PNDSPY1012¶
Message pandas.core.frame.DataFrame.query has a partial mapping because there is an unsupported scenario in Snowpark pandas.
Category Warning
Description¶
This issue appears when the SMA detects the use of pandas.core.frame.DataFrame.query.
This method is commonly used for filtering data in pandas DataFrames, but Snowpark pandas currently has limitations in supporting it.
Specifically, it doesn’t support DataFrames that have a row MultiIndex, which can lead to compatibility issues during migration or execution.
Scenario¶
Using query() with a row MultiIndex.
Input¶
The following example shows how query() behaves with a row MultiIndex.
import modin.pandas as pd
data = {
'name': ['Alice', 'Bob', 'Charlie', 'David', 'Eve', 'Frank'],
'age': [25, 30, 35, 28, 32, 45],
'salary': [50000, 60000, 75000, 55000, 80000, 90000],
'department': ['Sales', 'IT', 'HR', 'Sales', 'IT', 'HR']
}
df = pd.DataFrame(data)
df = df.set_index('name')
print("DataFrame with single-level index:")
print(df)
result = df.query("age > 30 and salary < 85000")
data = {
'A': [1, 2, 3, 4, 5, 6],
'B': [10, 20, 30, 40, 50, 60],
'C': ['x', 'y', 'x', 'y', 'x', 'y']
}
df = pd.DataFrame(data)
df = df.set_index([
pd.Index(['group1', 'group1', 'group2', 'group2', 'group3', 'group3']),
pd.Index(['a', 'b', 'a', 'b', 'a', 'b'])
])
df.index.names = ['group', 'subgroup']
result = df.query("A > 2 and B < 55")
Output¶
The SMA adds the EWI PNDSPY1012 to the output code to indicate that it has a scenario not supported in Snowpark pandas.
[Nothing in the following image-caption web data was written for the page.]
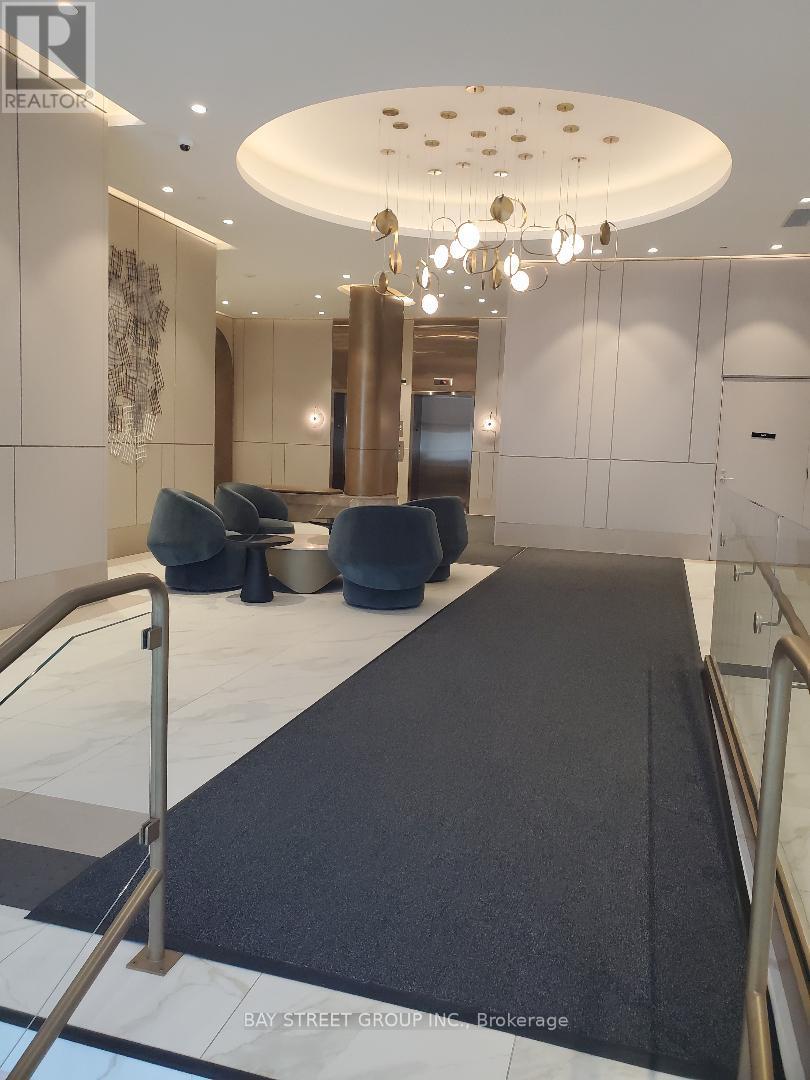 1101 - 1415 Dundas Street E, Oakville, Ontario  L6H 8A3 - Photo 9 - W12871914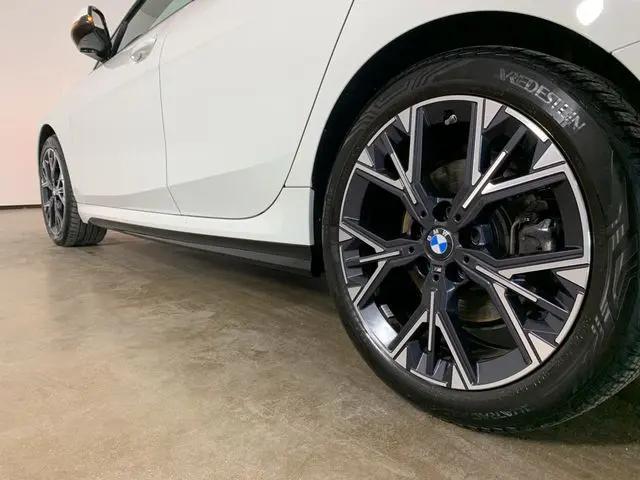2025 BMW Coupe xDrive
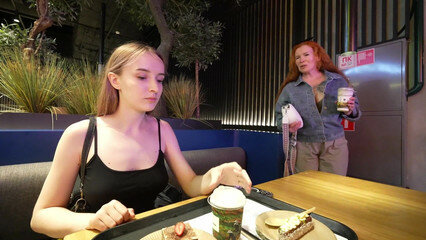 Похотливый муж изменяет жене с грудастой молодой соседкой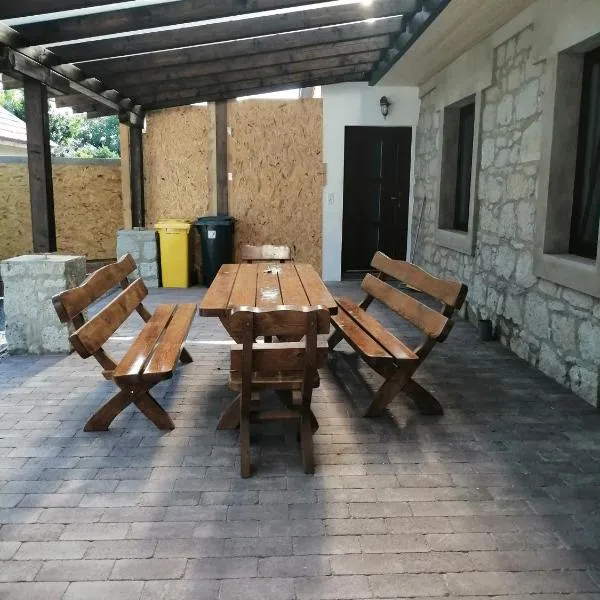 Cinege Vendégház, hotel v destinácii Tolcsva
from snowflake.snowpark.modin import plugin
import modin.pandas as pd
data = {
'name': ['Alice', 'Bob', 'Charlie', 'David', 'Eve', 'Frank'],
'age': [25, 30, 35, 28, 32, 45],
'salary': [50000, 60000, 75000, 55000, 80000, 90000],
'department': ['Sales', 'IT', 'HR', 'Sales', 'IT', 'HR']
}
df = pd.DataFrame(data)
df = df.set_index('name')
print("DataFrame with single-level index:")
print(df)
#EWI: PNDSPY1012 => pandas.core.frame.DataFrame.query does not support DataFrames that have a row MultiIndex. Check Snowpark pandas documentation for more detail.
result = df.query("age > 30 and salary < 85000")
data = {
'A': [1, 2, 3, 4, 5, 6],
'B': [10, 20, 30, 40, 50, 60],
'C': ['x', 'y', 'x', 'y', 'x', 'y']
}
df = pd.DataFrame(data)
df = df.set_index([
pd.Index(['group1', 'group1', 'group2', 'group2', 'group3', 'group3']),
pd.Index(['a', 'b', 'a', 'b', 'a', 'b'])
])
df.index.names = ['group', 'subgroup']
#EWI: PNDSPY1012 => pandas.core.frame.DataFrame.query does not support DataFrames that have a row MultiIndex. Check Snowpark pandas documentation for more detail.
result = df.query("A > 2 and B < 55")
Recommended fix¶
If the DataFrame contains a MultiIndex, validate the behavior of the query() method in Snowpark pandas. Ensure that the DataFrame structure is compatible with Snowpark pandas’ limitations, as MultiIndex rows aren’t supported. Consider restructuring the DataFrame to use a single-level index or alternative filtering methods.